Scrivo questa lettera dopo aver pianto per l’ennesima volta sulle note di “Quel giorno di pioggia”. Dall’altra parte del mondo. Da solo. Mi chiamo Tommaso, ho diciassette anni e la verità è che niente mi emoziona come il Toro. Sono stato cresciuto da una famiglia granata da quattro generazioni, andando allo stadio ogni domenica, con mio papà e mio nonno. Abbiamo tutti e tre in comune la precocità del tifo, infatti siamo stati tutti portati allo stadio (uno al Filadelfia, uno al Comunale e io al Delle Alpi) quando ancora non avevamo imparato bene a parlare.

Quest’anno sono lontano dai ragazzi, sono a Filadelfia (proprio lei) per studiare e non so se mi manchi più la mia famiglia o la mia famiglia granata. Qualcuno mi ha detto: “Nel 2018 non ti perdi nulla, puoi guardarti tutte le partite tranquillamente.” E invece mi perdo un sacco di cose: le urla di Venneri, le nostre urla, il battito di mani a ritmo durante l’inno, l’adrenalina del derby, la gioia condivisa dopo un goal.

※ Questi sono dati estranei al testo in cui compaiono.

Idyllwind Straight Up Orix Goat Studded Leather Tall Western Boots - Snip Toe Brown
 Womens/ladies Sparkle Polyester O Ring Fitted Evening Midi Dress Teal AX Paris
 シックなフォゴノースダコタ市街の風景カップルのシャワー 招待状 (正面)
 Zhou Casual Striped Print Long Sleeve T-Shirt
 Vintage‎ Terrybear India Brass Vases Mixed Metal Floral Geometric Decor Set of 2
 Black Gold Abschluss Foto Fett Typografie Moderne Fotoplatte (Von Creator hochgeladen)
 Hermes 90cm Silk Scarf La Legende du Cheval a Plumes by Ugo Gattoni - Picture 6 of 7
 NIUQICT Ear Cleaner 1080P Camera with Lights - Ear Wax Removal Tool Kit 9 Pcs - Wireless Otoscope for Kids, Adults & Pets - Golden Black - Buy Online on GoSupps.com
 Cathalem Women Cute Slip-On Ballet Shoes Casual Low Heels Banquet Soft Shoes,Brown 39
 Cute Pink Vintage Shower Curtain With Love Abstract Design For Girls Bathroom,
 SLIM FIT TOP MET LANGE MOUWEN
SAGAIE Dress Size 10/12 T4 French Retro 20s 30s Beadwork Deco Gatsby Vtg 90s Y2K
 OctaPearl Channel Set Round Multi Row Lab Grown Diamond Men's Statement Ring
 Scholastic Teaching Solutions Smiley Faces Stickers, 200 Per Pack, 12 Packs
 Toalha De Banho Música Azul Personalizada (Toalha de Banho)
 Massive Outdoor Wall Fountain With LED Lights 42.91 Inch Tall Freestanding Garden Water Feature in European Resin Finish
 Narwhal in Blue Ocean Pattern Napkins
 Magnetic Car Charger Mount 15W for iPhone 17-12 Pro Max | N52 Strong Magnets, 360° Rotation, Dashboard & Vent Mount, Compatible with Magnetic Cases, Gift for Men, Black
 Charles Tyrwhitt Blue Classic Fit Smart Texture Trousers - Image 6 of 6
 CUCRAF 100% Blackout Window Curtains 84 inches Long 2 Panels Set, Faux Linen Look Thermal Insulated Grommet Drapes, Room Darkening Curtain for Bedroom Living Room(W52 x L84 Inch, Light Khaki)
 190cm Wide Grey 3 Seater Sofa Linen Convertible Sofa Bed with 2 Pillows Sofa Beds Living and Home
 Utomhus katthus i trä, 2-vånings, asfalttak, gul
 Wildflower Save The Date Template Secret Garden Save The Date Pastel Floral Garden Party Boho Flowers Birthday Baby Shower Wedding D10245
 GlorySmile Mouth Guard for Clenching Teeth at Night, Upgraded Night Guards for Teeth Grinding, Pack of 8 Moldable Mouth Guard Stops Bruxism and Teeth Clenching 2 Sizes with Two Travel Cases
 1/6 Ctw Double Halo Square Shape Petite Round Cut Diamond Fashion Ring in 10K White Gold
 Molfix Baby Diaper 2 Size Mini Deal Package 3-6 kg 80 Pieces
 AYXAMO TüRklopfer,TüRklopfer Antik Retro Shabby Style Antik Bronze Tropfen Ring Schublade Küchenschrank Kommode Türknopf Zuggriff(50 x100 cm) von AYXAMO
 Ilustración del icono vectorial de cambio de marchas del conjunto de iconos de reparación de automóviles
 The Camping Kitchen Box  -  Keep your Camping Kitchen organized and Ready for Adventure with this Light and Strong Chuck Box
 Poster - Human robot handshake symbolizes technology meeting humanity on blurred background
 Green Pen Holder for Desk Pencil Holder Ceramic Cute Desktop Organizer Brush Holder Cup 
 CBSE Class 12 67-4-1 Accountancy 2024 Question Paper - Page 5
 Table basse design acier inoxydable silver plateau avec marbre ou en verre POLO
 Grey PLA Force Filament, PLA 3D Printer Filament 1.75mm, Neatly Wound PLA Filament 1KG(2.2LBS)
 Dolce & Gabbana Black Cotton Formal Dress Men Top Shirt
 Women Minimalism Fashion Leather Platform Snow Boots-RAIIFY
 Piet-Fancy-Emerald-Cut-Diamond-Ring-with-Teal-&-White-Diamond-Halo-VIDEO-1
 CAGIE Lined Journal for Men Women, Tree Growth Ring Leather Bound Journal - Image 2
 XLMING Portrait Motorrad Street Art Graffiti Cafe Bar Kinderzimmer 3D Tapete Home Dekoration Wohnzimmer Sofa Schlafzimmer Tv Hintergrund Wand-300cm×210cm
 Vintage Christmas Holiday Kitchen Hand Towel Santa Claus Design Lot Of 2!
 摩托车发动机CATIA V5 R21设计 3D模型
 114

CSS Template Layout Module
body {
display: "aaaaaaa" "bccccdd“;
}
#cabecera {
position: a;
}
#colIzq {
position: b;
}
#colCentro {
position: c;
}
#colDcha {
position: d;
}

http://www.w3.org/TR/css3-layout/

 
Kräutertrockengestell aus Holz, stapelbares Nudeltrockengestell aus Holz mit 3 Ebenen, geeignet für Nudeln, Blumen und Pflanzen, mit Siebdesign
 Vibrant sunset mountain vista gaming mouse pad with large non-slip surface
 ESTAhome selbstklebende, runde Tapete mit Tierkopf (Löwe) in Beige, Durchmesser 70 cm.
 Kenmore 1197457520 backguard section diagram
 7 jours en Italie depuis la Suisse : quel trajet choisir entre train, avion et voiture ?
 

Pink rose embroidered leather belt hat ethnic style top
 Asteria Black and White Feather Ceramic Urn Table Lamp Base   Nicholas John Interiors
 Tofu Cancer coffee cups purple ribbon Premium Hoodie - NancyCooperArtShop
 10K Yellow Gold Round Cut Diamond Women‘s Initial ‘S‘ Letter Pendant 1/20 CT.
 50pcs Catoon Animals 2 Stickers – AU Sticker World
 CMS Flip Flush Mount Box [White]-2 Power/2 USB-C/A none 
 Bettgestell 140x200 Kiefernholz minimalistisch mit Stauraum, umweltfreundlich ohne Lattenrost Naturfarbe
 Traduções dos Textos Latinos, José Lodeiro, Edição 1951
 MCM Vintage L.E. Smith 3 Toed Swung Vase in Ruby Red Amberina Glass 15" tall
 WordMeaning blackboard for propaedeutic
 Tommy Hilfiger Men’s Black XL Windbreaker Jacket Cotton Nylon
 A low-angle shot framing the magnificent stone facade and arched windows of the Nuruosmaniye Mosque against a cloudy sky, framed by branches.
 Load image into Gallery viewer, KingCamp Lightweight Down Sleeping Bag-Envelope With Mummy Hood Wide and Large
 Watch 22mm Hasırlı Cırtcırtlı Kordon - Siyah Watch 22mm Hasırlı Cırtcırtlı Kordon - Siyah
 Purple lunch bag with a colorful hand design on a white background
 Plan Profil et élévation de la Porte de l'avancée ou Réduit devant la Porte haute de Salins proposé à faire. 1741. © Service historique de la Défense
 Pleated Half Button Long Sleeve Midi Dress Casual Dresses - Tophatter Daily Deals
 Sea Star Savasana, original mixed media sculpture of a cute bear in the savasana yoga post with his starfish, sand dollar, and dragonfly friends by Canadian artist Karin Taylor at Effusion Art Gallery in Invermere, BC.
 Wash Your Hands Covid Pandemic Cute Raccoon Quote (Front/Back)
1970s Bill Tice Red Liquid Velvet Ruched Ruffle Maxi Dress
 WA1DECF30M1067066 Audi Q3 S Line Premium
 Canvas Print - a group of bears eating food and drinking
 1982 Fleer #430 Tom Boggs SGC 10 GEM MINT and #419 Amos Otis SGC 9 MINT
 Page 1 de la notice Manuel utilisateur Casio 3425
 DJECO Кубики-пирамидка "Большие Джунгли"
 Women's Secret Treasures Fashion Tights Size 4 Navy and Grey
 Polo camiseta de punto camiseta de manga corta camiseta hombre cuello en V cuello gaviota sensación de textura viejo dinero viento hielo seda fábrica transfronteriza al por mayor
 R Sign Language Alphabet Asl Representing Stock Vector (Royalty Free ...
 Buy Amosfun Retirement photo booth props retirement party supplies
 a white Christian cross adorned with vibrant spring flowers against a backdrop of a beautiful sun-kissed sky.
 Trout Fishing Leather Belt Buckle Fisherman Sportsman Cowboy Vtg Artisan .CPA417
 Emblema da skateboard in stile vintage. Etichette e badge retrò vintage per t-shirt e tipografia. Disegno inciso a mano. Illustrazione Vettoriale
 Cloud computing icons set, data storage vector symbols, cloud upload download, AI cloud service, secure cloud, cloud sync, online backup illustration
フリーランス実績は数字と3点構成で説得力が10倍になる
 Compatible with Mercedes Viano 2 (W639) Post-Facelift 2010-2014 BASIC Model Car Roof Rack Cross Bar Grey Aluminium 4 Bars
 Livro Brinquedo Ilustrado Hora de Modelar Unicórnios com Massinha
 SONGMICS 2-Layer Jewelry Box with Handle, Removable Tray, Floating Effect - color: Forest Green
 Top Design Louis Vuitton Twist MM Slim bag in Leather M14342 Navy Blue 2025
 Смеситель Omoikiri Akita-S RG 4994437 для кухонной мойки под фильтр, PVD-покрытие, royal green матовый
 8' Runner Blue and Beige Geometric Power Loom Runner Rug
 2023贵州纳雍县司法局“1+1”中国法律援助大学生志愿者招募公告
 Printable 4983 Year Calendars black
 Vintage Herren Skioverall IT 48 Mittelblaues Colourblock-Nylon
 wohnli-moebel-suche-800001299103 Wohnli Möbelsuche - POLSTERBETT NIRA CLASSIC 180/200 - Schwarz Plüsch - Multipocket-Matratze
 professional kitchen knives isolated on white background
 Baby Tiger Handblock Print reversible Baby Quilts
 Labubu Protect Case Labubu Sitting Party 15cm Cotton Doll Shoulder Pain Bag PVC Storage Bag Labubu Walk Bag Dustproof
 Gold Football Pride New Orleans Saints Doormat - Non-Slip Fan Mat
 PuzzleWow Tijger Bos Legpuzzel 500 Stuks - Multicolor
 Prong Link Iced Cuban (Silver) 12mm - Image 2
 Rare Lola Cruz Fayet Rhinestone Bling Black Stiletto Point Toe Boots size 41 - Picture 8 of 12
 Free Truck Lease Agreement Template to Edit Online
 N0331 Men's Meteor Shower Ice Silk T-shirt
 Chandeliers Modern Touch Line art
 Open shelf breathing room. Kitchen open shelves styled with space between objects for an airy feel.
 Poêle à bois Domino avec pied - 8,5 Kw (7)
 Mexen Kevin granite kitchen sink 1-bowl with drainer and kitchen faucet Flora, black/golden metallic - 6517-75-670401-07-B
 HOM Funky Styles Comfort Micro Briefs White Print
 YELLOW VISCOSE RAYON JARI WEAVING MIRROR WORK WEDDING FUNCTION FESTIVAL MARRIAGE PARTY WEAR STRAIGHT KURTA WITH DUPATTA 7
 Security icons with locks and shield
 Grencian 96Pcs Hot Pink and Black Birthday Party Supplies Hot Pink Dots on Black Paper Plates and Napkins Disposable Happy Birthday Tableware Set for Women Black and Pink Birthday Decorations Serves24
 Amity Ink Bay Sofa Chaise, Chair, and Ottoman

Tuttavia dall’altra parte dell’oceano ci sarà un ragazzo biondo con la sua maglia del Torino che non riesce a respirare per la tensione pre-partita, che gioirà e soffrirà con voi e che urlerà, per la prima volta da solo, il nome del Gallo dopo i suoi goal e soprattutto: “Forza Toro”.
Grazie papà, grazie nonno: il Toro è stato il regalo migliore che poteste farmi.